Si ayer nos adentrábamos en el misterio del corazón como lugar donde guardamos los tesoros. Hoy el Señor nos advierte de otro elemento decisivo del corazón. Si ayer nos preguntábamos qué es lo que hay en el centro de nuestro corazón hoy la pregunta es ¿A quién doy mi corazón? No hay cosa peor que un corazón dividido. Jesús nos lo dice muy claro: No podéis servir a Dios y al dinero. No podemos tener dos amos.

Esto es muy sencillo. O en el centro de mi corazón está Dios o estoy yo. No cabe escapatoria. El amor a Dios o el amor propio. San Agustín decía: “Dos amores construyeron dos ciudades: el amor de Dios hasta el desprecio de uno mismo, la ciudad de Dios; el amor de uno mismo hasta el desprecio de Dios, la ciudad terrena”.

El primer mandamiento es amar a Dios sobre todas las cosas. El problema está en que muchas veces nos amamos a nosotros sobre todas las cosa y eso nos agobia.

Jesús en el evangelio de hoy nos invita a poner nuestro corazón y nuestra confianza en Dios. Y para ello recurre a la experiencia de la providencia de Dios como el mejor antídoto contra el agobio. Fíjate en las flores, en la hierba… Dios las cuida y las tiene en todo su esplendor. ¿No hará lo mismo contigo a quien quiere más?

Y ¿cómo centrar nuestro corazón en Dios? La clave es clara: Buscad el reino de Dios y su justicia; lo demás se dará por añadidura.
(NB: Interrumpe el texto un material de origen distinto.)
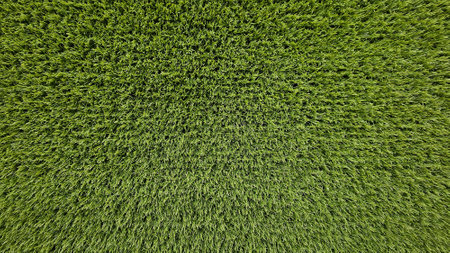 Green grass field for background. Lawn, Land, Surface, Natural wallpaper and Playing sport game area concept. Beauty of Nature.の写真素材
Buscar el reino de Dios es buscar a Dios mismo, su voluntad… Por eso no podemos olvidar que el centro del sermón de la montaña, como vimos hace unos días, era la oración del Padrenuestro y allí suplicamos: hágase tu voluntad en la Tierra como en el Cielo.

Que la Virgen María, madre de la providencia, nos ayude a servir sólo al Señor.